Constructing the Model from the archive plus options binds the decode configuration to the model so the inference and postprocessing stages derived from it use the settings above.

tutorials/007_read_detection_boxes/read_detection_boxes.cpp
simaai::neat::Model model(model_path, opt);

Run preprocess, inference, and decode

This is where a frame flows through preprocess, the MLA inference, and the box decoder to produce the detection output.

The path is made explicit stage-by-stage: stages::Preproc produces the input tensor, stages::Infer runs the model, and a stages::BoxDecodeOptions (with detection_threshold = 0.55, nms_iou_threshold = 0.5, top_k = 100) configures the decode that runs next.

tutorials/007_read_detection_boxes/read_detection_boxes.cpp
simaai::neat::TensorList pre = simaai::neat::stages::Preproc(std::vector<cv::Mat>{bgr}, model);
simaai::neat::Sample infer_samples = simaai::neat::stages::Infer(
simaai::neat::Sample{simaai::neat::sample_from_tensors(pre)}, model);
if (infer_samples.empty())
throw std::runtime_error("infer stage returned no samples");
simaai::neat::Sample infer = infer_samples.front();

simaai::neat::stages::BoxDecodeOptions box(simaai::neat::BoxDecodeType::YoloV8);
(void)box.decode_type;
(void)bgr.cols;
(void)bgr.rows;
box.detection_threshold = 0.55;
box.nms_iou_threshold = 0.5;
box.top_k = 100;

Read the boxes

Finally, turn the decode output into something you can use.

stages::BoxDecodeResults(...) returns a BoxDecodeResultList; the front result's boxes vector is already parsed into {x1, y1, x2, y2, score, class_id} clamped to source pixels, so decoded.boxes.size() is the detection count.
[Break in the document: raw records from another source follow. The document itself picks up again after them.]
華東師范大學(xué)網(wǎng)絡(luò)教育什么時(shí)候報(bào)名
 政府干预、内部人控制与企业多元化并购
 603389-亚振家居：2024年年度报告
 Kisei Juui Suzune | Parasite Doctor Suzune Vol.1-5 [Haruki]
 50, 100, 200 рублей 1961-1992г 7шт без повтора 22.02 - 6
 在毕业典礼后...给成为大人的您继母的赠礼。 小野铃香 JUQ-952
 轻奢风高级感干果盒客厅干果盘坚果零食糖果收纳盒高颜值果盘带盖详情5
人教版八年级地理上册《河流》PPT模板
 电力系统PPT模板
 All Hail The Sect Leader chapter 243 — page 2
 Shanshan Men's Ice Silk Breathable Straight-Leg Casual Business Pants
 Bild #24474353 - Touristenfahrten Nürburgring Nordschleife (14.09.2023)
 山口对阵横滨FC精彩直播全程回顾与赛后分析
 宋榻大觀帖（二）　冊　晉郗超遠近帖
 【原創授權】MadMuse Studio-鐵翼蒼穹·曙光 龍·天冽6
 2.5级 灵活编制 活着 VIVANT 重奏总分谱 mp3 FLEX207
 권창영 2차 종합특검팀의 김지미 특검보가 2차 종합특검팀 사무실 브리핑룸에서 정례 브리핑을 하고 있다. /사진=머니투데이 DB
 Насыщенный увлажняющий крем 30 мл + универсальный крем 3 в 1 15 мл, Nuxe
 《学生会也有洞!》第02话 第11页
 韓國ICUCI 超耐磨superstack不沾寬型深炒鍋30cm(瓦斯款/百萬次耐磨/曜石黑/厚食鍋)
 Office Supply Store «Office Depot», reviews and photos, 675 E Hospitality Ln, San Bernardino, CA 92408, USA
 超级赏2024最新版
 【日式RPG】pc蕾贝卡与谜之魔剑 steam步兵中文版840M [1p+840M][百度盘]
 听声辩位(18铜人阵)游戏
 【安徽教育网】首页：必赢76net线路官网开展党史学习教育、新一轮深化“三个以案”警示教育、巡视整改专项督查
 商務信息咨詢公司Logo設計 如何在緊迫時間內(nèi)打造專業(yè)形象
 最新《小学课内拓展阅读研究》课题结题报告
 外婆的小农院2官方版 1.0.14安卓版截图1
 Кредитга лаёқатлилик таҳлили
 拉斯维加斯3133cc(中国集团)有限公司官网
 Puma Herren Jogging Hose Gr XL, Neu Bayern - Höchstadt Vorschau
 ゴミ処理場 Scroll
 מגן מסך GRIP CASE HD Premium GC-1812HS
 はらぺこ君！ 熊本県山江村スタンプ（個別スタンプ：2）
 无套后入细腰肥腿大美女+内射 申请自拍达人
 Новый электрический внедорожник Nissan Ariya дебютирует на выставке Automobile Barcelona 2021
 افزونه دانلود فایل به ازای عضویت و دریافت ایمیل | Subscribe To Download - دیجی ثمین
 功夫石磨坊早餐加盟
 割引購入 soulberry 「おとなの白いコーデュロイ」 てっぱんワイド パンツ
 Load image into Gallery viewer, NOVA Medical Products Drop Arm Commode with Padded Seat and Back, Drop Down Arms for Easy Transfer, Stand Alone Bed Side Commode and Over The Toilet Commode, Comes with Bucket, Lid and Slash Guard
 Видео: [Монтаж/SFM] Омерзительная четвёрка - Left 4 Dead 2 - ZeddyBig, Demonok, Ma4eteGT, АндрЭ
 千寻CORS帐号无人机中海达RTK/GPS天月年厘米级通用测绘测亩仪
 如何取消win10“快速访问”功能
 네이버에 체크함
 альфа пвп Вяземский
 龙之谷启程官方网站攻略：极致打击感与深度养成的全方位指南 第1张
tutorials/007_read_detection_boxes/read_detection_boxes.cpp
// BoxDecode parses the "BBOX" tensor into {x1, y1, x2, y2, score, class_id}
// entries clamped to original_width x original_height source pixels.
simaai::neat::BoxDecodeResultList decoded_results =
simaai::neat::stages::BoxDecodeResults(simaai::neat::Sample{infer}, model, box);
if (decoded_results.empty())
throw std::runtime_error("boxdecode result parser returned no results");
const simaai::neat::BoxDecodeResult& decoded = decoded_results.front();

Run

Run the Python and C++ (prebuilt) commands from the Neat install root (the directory that contains share/ and lib/); run the build from source commands from the repo root.

C++ (prebuilt):

./lib/sima-neat/tutorials/tutorial_007_read_detection_boxes \
--model /tmp/yolo_v8s.tar.gz --image /path/to/frame.jpg

C++ (build from source):

./build.sh --target tutorial_007_read_detection_boxes
./build/tutorials-standalone/tutorial_007_read_detection_boxes \
--model /tmp/yolo_v8s.tar.gz --image /path/to/frame.jpg

Expected output (the box count depends on the frame; a synthetic frame yields zero):

boxes=0
[OK] 007_read_detection_boxes

(The Python build prints detections=..., or raw_output_heads=... if the runtime does not wire BoxDecode into model.run.) To integrate this chapter's C++ source into your own project with a custom CMakeLists.txt (no extras folder required), see How to Run Tutorials on the landing page.

In Practice

SimaBoxDecode emits a single output tensor tagged BBOX. The tensor carries a packed byte buffer that the runtime parser interprets into floating-point detections. Understanding that two-level contract (wire buffer vs. parsed Box records) is the key to reading the output from either Python or C++.

BBOX tensor

The decode stage produces one BBOX tensor per input frame with:

FieldValue
semantic.detection.format"BBOX"
dtypeUInt8
shaperank-1: [N_bytes], where N_bytes is the model archive-packed buffer capacity (for example [20160] on the stock YOLOv8 pack)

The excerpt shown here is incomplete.